[JURIST] UN High Commissioner for Human Rights Louise Arbour [official website] Monday criticized the weekend imposition of a state of emergency [JURIST report] in Pakistan, saying that she was "alarmed by the suspension of fundamental rights" [press release] in the country. The former Canadian Supreme Court justice also questioned the propriety of imposing emergency rule in the face of alleged judicial interference with Pakistan's government: "A state of emergency should only be used to deal with a dire security threat to the nation, not to undermine the integrity and independence of the judiciary." Arbour expressed concern at reports that Pakistani security services have detained hundreds of lawyers, rights activists and opposition leaders [JURIST report], and urged the Pakistani government to clarify the status of the detained.
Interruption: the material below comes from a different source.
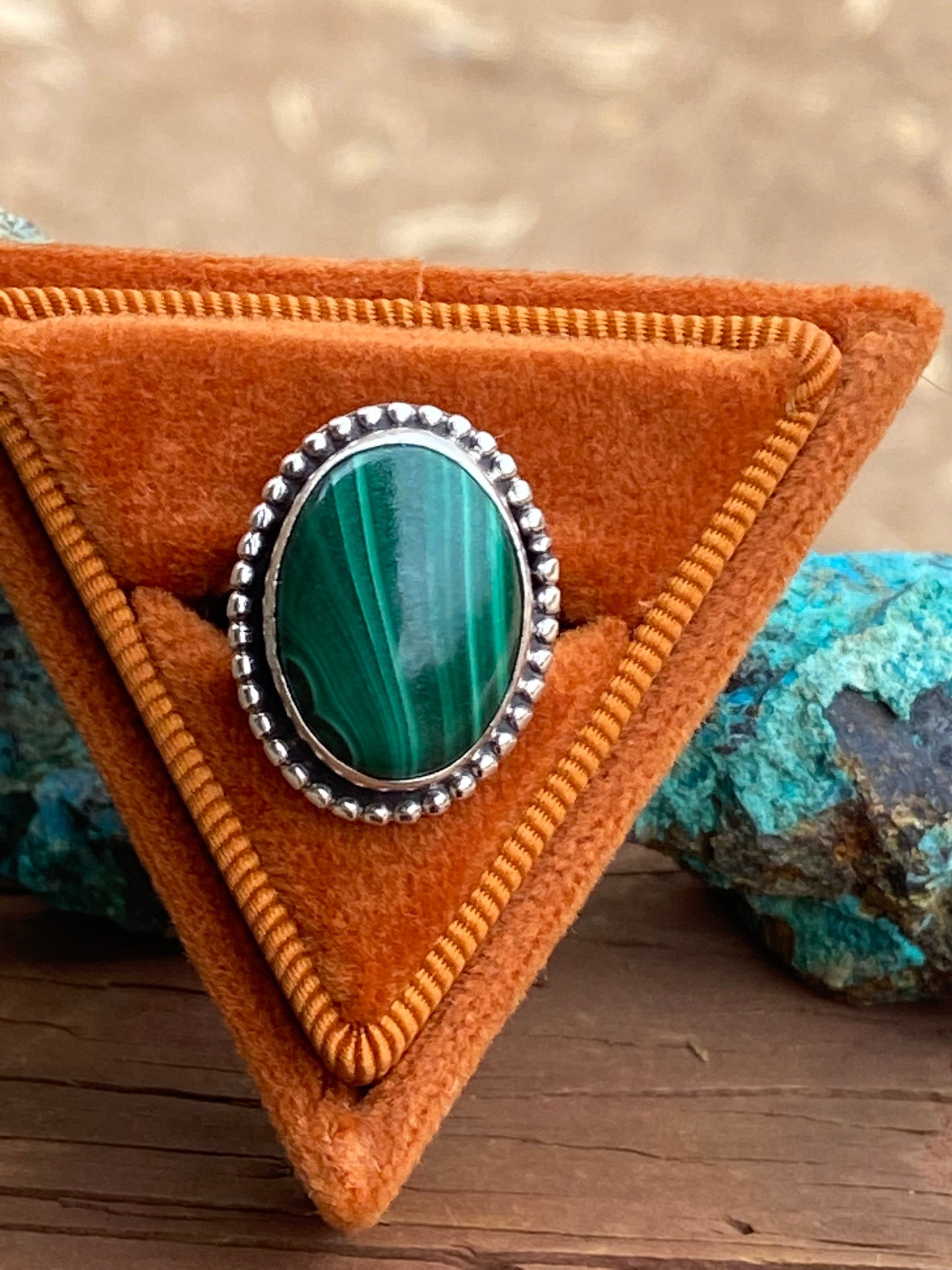 Handcrafted Malachite & Sterling Silver Rings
On Saturday, Pakistani President Pervez Musharraf issued a proclamation of emergency rule [PDF text, JURIST report] ahead of a much anticipated Supreme Court ruling on whether Musharraf had been eligible to run for re-election [JURIST reports] for president while remaining chief of the army. Media reports suggested that the court had already prepared a ruling against Musharraf, but Musharraf's Provisional Constitution Order [text] barred the high court and any court from making "any order against the President or the Prime Minister or any person exercising powers or jurisdiction under this authority." AFP has more.
5:16 PM ET - UN Secretary-General Ban Ki-Moon issued a separate statement [text] Monday expressing his "strong dismay" at Pakistan's detention of hundreds of human rights and opposition activists, including UN Special Rapporteur on freedom of religion or belief Asma Jahangir [official profile, PDF], the head of the independent Human Rights Commission of Pakistan who was taken into custody and put under house arrest Sunday. Ban urged the Pakistani government to "immediately release those detained, to lift restrictions on the media and to take early steps for a return to democratic rule."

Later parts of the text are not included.